Pourtant, des conversations avec des gens pourtant peu suspects d'insuffisance cognitive (Ingénieurs, entrepreneurs, médecins, consultants...) montrent que ces clichés sur les Américains envahissent largement les esprits. Ainsi, une personne pourtant fort cultivée m'affirmait sans rire que " si les Californiens, qui sont pourtant les moins demeurés (sic) des américains, sont capables d'élire un saltimbanque réac comme Arnold Schwarzenegger, sans aucune expérience politique, alors imaginez ce que ce peut être ailleurs, dans cette Amérique profonde capable de voter pour un bigot demeuré comme Bush ? ". D'autres assimilent le patriotisme américain certes fort démonstratif à du " fétichisme " (si !), ou bien le jugent " indécent ", et même des gens très sérieux, avec des positions sociales relativement élevées, affirment qu'entre Bush et Saddam, voire Hitler, il y a somme toute peu de différences (curieusement, ces gens ne citent jamais Staline ou Pol Pot, mais passons). Ces imbécillités que l'on pourrait croire réservées à des discussions de bistrot entre pochetrons même pas titulaires du certificat d'études primaires, sont hélas proférées en toute bonne foi sur le ton des certitudes gravées dans le marbre de la science par des personnes dont l'éducation et la position sociale sont d'excellent niveau. Inutile de dire qu'en creusant un peu, tous ces gens avaient une connaissance plus que superficielle du contexte de l'élection californienne, du système démocratique américain et de son équilibre des pouvoirs, de la culture américaine ou des racines du patriotisme américain. Bref, des phrases toutes faites, prêtes à penser, sans fondement autre que des caricatures fondées sur un complexe de supériorité injustifié, deviennent "l'effroyable vérité" sur les Etats-Unis d'Amérique et les Américains.
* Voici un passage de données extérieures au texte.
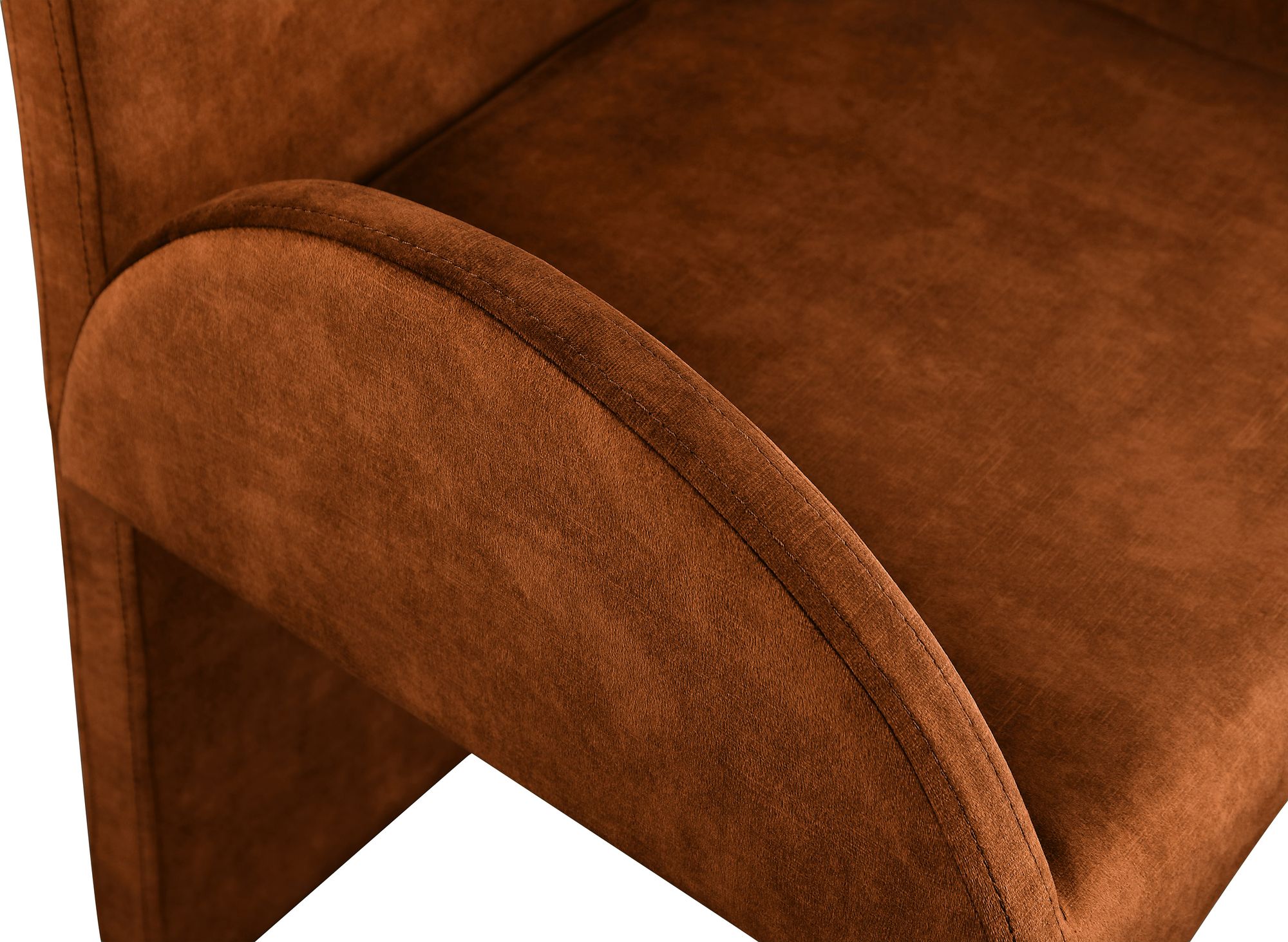 Summer Velvet Dining Arm Chair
Par conséquent, il est spécieux de prétendre que les préjugés anti-américains ne concernent que leurs dirigeants. L'anti-américanisme d'aujourd'hui, que l'on voudrait nous faire passer pour une posture intellectuelle réfléchie basée sur la raison et la morale, n'est qu'une résurgence des haines les plus inavouables du passé, qui envoie le yankee moyen, nécessairement obèse et inculte, rejoindre l'anglais, le boche, le juif, le fellouze, et bientôt sans doute le libéral, au panthéon des ennemis de masse d'une certaine intelligentsia, avec l'assentiment de nombreux idiots utiles par trop conditionnés par le matraquage ambiant pour conserver un regard critique vis à vis du message dominant.